The Buffalo City Council held an appeal hearing over the controversial Trump/JFK Jr. flag flying over the city on Monday, May 17th, during its second council meeting of the month. The flag, which is 60ft x 40ft and replaced another 50ft x 30ft flag, dominates the Buffalo skyline, and has caused considerable debate in the community about both city ordinances and individual free speech rights.
The question came before the City Council after Jay Johnson, the owner of Johnsonville LLC which operates the property, appealed the city’s citation for code violations.
Johnson was originally cited with four ordinance violations, but one, pertaining to a non-permitted fence line, was dismissed, and two others, concerning a prohibited wood-burning stove and prohibited outdoor storage of construction materials, were tabled for later discussion.
City Attorney Susan Dege explained that pursuant to Buffalo City Code Sections 13.06 Subd. 1(f), 13.07 Subd. 1(c) and 13.06 Subd. 2(B), which regulate the size and manner of display for signs within the city, the flag is in violation of municipal sign ordinances, namely because the flag is too large, flying outside of the permit timeframe of election season, and being flown on a piece of construction equipment. The full Buffalo City Code is available here. Footage from the Monday, May 17th meeting can be viewed here.
“There are free speech rights,” Dege explained, “however, the Supreme Court has analyzed in several cases what a city can do. The city can’t focus on a message, but what the city can do is regulate the time, place and manner of when signage is allowed.”
Three notices of violation were given, each carrying a $200 fine. Johnson has not paid any of the fines while engaged in the administrative appeal process. The city is seeking a total fine of $600 for all violations incurred.
There was some debate surrounding the definition of a sign and whether the flag on the Johnsonville property meets that definition. The City of Buffalo defines a sign for code enforcement purposes broadly as, “Use of words, numerals, figures, devices or trade marks by which anything is made known such as individuals, firms, professionals, businesses, services or products and which is visible to the general public.”
Johnsonville’s attorney, Devlan Sheahan of Minneapolis, argued that the flag not only is not a sign, but that the city is trying to inappropriately regulate Johnson’s speech.
“I ask you to think about one fundamental principle,” said Sheahan,“that’s for a person to have their privacy. For a person to have the right to be in their home, on their property, and not be bothered. It’s a right that is most important when it touches on a person’s beliefs, ideology and principles.”

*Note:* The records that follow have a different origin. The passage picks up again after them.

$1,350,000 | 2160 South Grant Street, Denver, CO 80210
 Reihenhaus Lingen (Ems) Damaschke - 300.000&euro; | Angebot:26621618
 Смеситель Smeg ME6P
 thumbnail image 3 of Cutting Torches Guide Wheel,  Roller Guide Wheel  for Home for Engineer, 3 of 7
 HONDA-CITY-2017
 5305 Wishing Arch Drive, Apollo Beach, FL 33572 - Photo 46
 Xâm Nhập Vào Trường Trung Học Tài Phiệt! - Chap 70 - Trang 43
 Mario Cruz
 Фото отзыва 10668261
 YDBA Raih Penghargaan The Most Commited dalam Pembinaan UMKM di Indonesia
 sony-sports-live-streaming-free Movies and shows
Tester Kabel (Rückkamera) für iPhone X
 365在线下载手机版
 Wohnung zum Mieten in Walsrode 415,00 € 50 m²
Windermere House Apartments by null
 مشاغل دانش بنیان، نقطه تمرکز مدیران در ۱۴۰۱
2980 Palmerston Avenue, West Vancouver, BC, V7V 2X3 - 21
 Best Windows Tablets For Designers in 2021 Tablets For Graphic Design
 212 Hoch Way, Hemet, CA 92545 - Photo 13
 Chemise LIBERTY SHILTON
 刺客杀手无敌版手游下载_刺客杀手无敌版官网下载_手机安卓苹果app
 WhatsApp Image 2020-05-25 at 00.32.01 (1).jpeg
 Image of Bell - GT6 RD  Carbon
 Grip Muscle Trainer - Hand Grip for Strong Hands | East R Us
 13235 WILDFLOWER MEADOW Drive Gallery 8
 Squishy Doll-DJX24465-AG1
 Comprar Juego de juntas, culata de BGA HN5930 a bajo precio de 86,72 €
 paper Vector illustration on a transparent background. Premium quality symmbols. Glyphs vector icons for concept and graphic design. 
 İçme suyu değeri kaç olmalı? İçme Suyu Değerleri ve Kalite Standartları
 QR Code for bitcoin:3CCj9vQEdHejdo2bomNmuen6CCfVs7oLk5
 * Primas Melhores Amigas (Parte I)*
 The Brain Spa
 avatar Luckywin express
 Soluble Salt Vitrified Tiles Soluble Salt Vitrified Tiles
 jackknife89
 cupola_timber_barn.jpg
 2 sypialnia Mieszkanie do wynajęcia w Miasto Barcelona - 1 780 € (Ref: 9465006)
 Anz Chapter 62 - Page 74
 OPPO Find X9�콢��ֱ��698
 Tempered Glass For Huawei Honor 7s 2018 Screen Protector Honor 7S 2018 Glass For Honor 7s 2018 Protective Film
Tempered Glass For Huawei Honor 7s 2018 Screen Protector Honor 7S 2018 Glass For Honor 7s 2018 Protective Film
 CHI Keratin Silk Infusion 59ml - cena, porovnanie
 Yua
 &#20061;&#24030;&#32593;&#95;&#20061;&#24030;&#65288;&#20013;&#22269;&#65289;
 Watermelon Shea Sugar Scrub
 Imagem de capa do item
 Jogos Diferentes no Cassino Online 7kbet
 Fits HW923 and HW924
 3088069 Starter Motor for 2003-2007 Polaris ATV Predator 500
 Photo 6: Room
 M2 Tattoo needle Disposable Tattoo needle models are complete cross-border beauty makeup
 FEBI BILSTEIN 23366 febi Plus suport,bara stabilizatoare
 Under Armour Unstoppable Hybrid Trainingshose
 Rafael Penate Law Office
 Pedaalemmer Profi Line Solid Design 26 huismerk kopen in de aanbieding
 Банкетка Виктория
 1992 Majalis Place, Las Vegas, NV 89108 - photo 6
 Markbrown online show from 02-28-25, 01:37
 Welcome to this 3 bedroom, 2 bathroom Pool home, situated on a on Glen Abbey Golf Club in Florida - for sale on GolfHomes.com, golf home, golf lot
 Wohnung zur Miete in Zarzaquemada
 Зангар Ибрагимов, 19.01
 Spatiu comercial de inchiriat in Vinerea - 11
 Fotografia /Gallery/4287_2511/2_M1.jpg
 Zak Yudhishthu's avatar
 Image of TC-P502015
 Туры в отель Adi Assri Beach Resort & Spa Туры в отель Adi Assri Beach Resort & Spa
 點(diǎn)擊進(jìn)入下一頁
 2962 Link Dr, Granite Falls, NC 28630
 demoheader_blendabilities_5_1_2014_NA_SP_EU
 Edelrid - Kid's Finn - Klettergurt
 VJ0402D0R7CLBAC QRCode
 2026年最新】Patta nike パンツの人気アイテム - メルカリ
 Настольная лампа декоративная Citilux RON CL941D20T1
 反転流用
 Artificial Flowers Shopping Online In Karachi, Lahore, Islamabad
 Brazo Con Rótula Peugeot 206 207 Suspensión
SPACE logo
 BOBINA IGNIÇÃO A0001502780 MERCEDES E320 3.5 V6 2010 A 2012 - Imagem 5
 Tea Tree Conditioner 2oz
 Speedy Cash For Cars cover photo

Sheahan continued, “The city is here trying to impose fines on Mr. Johnson and they are trying essentially to punish his beliefs, punish his viewpoints, and the mechanism for doing that is Section 13 of Buffalo’s city ordinances. What Section 13 regulates is the use of signage, and there’s a distinction. As English speakers, it’s pretty obvious to us that there is a distinction between a sign and a flag. Really it’s quite simple, what Mr. Johnson has on his property does not violate Section 13 of the Buffalo City Code because it is not a sign.”
Later, Jay Johnson addressed the City Council directly stating, “I’m a reasonable guy and I’d like to say that in the end you’re reasonable, but I really think that we’re going to take this to court and we’re going to do it the hard way and I’m going to win. I don’t want to do that, but, if I have to, I will.”
“You have the choice to either back away, or battle with me. I’ll do whatever I need,” elaborated Johnson.
Johnson also explained some of his motivations behind the flag. “The idea of putting the flag up is not to offend anybody. I told the police chief that the reason I put the flag back up is because when I put it back up a woman drove in, tears running down her cheeks, and she said, ‘Thanks Jay for putting that up again. That gives me hope.’”
Members of the public were given time to address the council on the matter as well. There were some tense moments when community members addressed the council and calls to regain order were occasional.
Some questioned how the city will enforce this provision of the City Code equally throughout the city, specifically addressing the many other flags and signs through the city. One woman pointed out that the 8 sq. ft. maximum for non-permitted signage within the city is often violated, explaining how a 5ft x 7ft American flag would far exceed that limit, measuring 35 sq. ft. It was noted that Minnesota and American flags are exempted from City Code provisions at private residences per state law.
Others spoke about feeling squeezed by the application of an ordinance they believe limits citizens’ freedom of speech and freedom of expression. No one from the public spoke at the meeting in support of the flag’s removal.
City Administrator Laureen Bodin said that of the about 200 comments the city has received concerning the flag, roughly half were in favor of the flag’s removal and roughly half supported leaving the flag as is.
After hearing input from the community, the City Council voted unanimously to follow the recommendation of City Attorney Dege and begin civil proceedings against Johnson seeking the flag’s removal and $600 dollars in fines for the code violations. The case will now be presented before a judge who will review the merits of each argument.